To do
Every record must be copied exactly.

Input for this task
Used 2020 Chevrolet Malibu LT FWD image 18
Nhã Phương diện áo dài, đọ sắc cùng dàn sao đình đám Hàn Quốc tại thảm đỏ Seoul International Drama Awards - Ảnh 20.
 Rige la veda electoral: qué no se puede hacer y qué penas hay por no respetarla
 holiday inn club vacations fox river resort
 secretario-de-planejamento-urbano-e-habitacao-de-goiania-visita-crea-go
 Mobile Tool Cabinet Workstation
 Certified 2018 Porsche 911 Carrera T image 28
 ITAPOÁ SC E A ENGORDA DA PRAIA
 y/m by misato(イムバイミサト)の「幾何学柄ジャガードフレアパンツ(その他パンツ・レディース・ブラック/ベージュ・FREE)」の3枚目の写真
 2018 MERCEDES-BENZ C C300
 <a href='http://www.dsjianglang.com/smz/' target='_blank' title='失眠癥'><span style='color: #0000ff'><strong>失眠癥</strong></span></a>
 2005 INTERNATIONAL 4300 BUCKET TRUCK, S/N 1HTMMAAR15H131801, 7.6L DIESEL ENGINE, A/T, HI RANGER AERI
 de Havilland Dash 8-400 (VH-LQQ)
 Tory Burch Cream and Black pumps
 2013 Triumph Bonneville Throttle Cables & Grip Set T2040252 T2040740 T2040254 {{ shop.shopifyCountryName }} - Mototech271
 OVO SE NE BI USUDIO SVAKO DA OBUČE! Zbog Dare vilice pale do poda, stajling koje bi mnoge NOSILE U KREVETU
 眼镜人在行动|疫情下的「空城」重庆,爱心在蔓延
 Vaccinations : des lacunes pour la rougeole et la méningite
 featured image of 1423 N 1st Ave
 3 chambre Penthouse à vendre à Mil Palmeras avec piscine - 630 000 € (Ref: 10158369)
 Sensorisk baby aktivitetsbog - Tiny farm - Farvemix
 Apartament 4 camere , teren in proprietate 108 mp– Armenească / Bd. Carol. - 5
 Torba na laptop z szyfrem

Task response
Used 2020 Chevrolet Malibu LT FWD image 18
Nhã Phương diện áo dài, đọ sắc cùng dàn sao đình đám Hàn Quốc tại thảm đỏ Seoul International Drama Awards - Ảnh 20.
 Rige la veda electoral: qué no se puede hacer y qué penas hay por no respetarla
 holiday inn club vacations fox river resort
 secretario-de-planejamento-urbano-e-habitacao-de-goiania-visita-crea-go
 Mobile Tool Cabinet Workstation
 Certified 2018 Porsche 911 Carrera T image 28
 ITAPOÁ SC E A ENGORDA DA PRAIA
 y/m by misato(イムバイミサト)の「幾何学柄ジャガードフレアパンツ(その他パンツ・レディース・ブラック/ベージュ・FREE)」の3枚目の写真
 2018 MERCEDES-BENZ C C300
 <a href='http://www.dsjianglang.com/smz/' target='_blank' title='失眠癥'><span style='color: #0000ff'><strong>失眠癥</strong></span></a>
 2005 INTERNATIONAL 4300 BUCKET TRUCK, S/N 1HTMMAAR15H131801, 7.6L DIESEL ENGINE, A/T, HI RANGER AERI
 de Havilland Dash 8-400 (VH-LQQ)
 Tory Burch Cream and Black pumps
 2013 Triumph Bonneville Throttle Cables & Grip Set T2040252 T2040740 T2040254 {{ shop.shopifyCountryName }} - Mototech271
 OVO SE NE BI USUDIO SVAKO DA OBUČE! Zbog Dare vilice pale do poda, stajling koje bi mnoge NOSILE U KREVETU
 眼镜人在行动|疫情下的「空城」重庆,爱心在蔓延
 Vaccinations : des lacunes pour la rougeole et la méningite
 featured image of 1423 N 1st Ave
 3 chambre Penthouse à vendre à Mil Palmeras avec piscine - 630 000 € (Ref: 10158369)
 Sensorisk baby aktivitetsbog - Tiny farm - Farvemix
 Apartament 4 camere , teren in proprietate 108 mp– Armenească / Bd. Carol. - 5
 Torba na laptop z szyfrem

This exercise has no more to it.